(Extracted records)
========================================================================

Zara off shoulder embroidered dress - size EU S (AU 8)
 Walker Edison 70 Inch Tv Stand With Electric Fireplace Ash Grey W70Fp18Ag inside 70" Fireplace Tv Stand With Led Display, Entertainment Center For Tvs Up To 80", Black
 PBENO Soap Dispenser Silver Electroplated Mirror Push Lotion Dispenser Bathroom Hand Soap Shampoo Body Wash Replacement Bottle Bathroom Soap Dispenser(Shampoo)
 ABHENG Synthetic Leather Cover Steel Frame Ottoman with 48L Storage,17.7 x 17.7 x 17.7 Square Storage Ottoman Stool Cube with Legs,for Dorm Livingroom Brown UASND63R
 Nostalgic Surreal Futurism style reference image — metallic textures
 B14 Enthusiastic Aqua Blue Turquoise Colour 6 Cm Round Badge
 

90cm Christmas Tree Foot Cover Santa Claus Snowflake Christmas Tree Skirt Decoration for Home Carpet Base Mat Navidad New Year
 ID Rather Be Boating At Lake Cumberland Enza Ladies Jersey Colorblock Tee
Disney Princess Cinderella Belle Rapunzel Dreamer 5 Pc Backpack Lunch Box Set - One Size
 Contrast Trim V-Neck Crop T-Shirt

========================================================================

> [Problem statement] The expected output is one number, the tally of lines above containing "Cover".

> [Answer for this exercise] 2